Err!!Damage was 13k.
It was a typo!!Costed became coated!!
Bought it locally from kolkata.
Actually planned for M50,got one for brief audition....somehow did not like it.
The SM3 and IE7 was much better than it for my kind of music.

Someone from TE suggested the hd25...luckily I was in Shilong at that time and a local musician had it..tried it...loved it...bought it from Kolkata.

I am no audiophile but I do not like the typical veiled signature of Sennheiser(like the ie7 over ie8)
HD25 sort of gave me the same feeling.
The bass is still a tad too heavy for my likings.
The treble is sparkling(but not as much as Grados,which I hate like anything)
The mid...I am still confused,sometime it is veiled,sometimes very forword but ZERO sibilance(which is amazing)

It has become my daily driver after I lost the IE7 and manage to break the left driver of the super expensive SM3.

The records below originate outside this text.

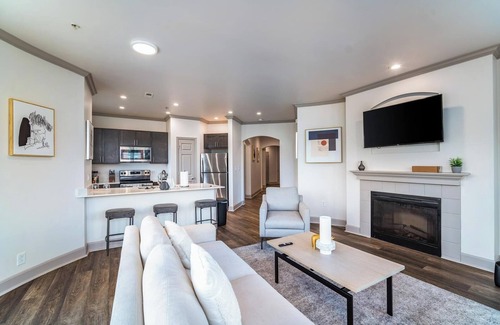 Corryville Apartment | Landing | Incredible 2BD, Gym, Clubhouse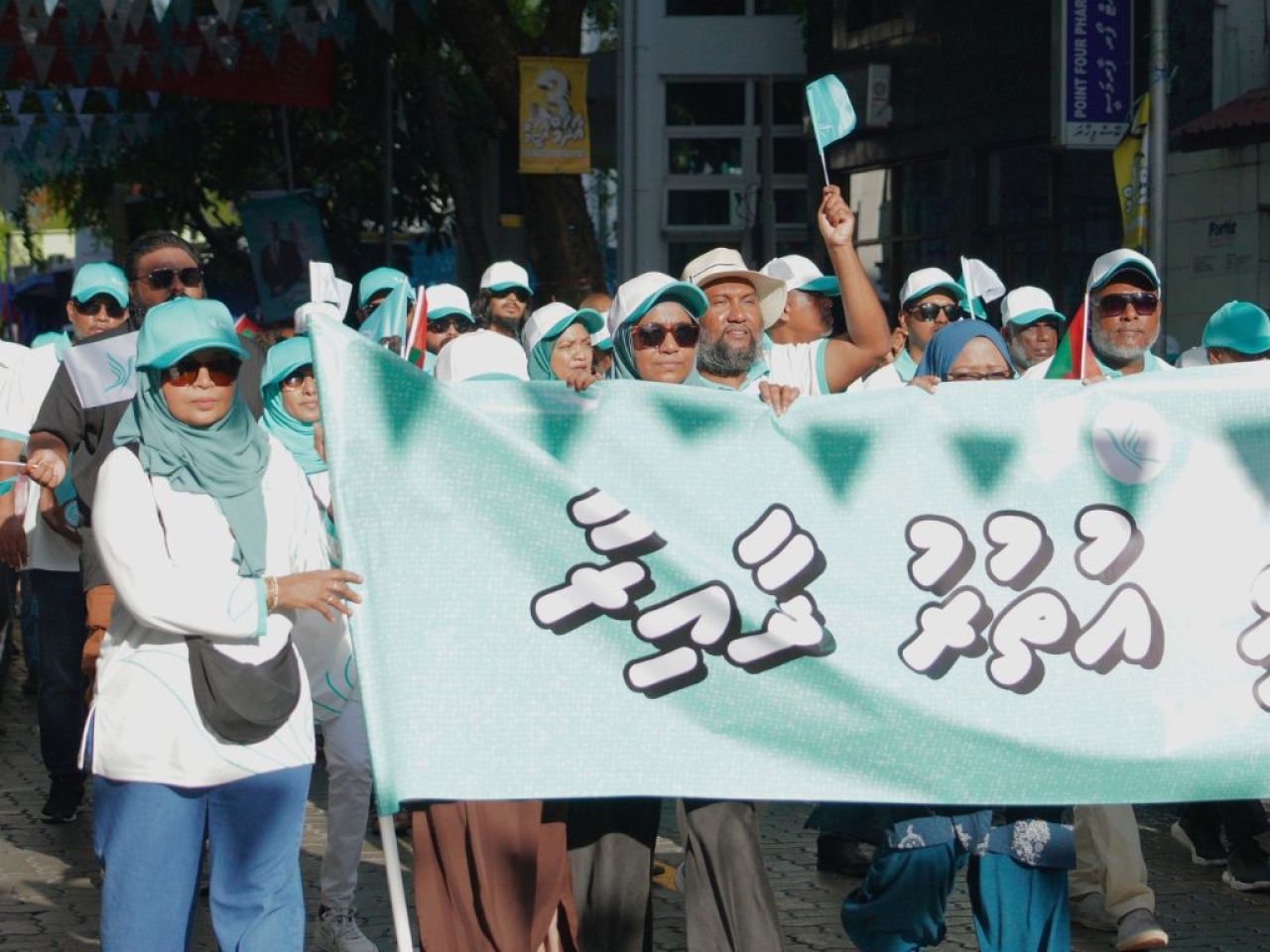 ޕީއެންސީގެ ބިޔަ ލަޝްކަރާއެކު ލޯކަލް ކައުންސިލް އިންތިހާބުގެ ކެމްޕެއިން ނިންމާލައިފި 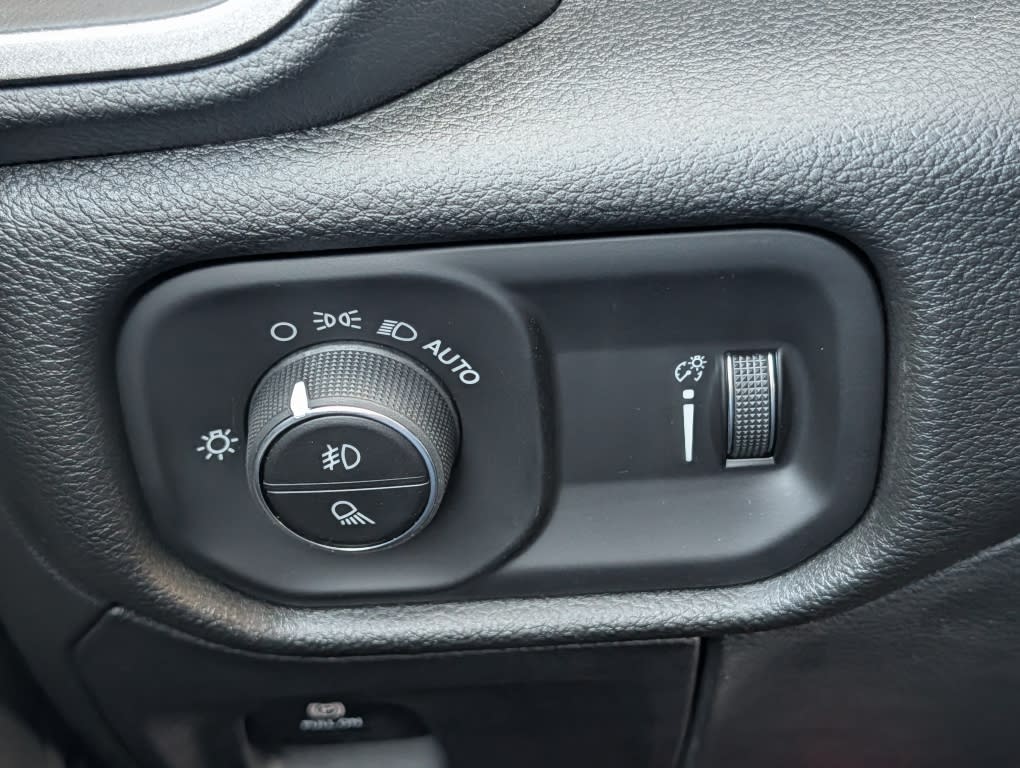 Thumbnail: 2026 RAM 1500 - 28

My advice regarding M50 would be
Do not buy it if you are into
1.classical music.
2.post rock.
3.Hate bass like me.
4.Audiophile and looking for something balanced.

For anything else it must be perfect.
Trance lovers do swear by it.
It is no way balanced,has a very narrow soundstage but at the sametime very fun sounding.
Not at all dry or analytical but extremely musical.

I have not heard X10 but iems like SM3 or IE8 are lot more acurate and airy with much larger soundstage than M50(but they cost more than double also!!)


----------



## aniket.cain (Jan 19, 2012)

Sarath said:


> That helped clear some air. As an owner of both the IEMs I wished for I want to ask you this.
> 
> Will I be content with the M35 after using the X10 or should I jump the ship directly onto the M50?
> 
> Thanks with the amp confusion though. I was too paranoid about it.



Since I have never listened the M35, I can't comment how it fares against M50, but from what I have read, M50 has lower impedance than M35 (38 ohms against 65 ohms), and hence will be more suited to MP3 players and laptops without the need of an amp. M50 has higher sensitivity than M35, and hence should sound better. If you can somehow get your hands on both of them, try them and then buy what you like.


----------



## red dragon (Jan 20, 2012)

For an impedance of 65ohms for a full sized headphone,you will need an amp for it to shine.
Even ultra basic amps will do.


----------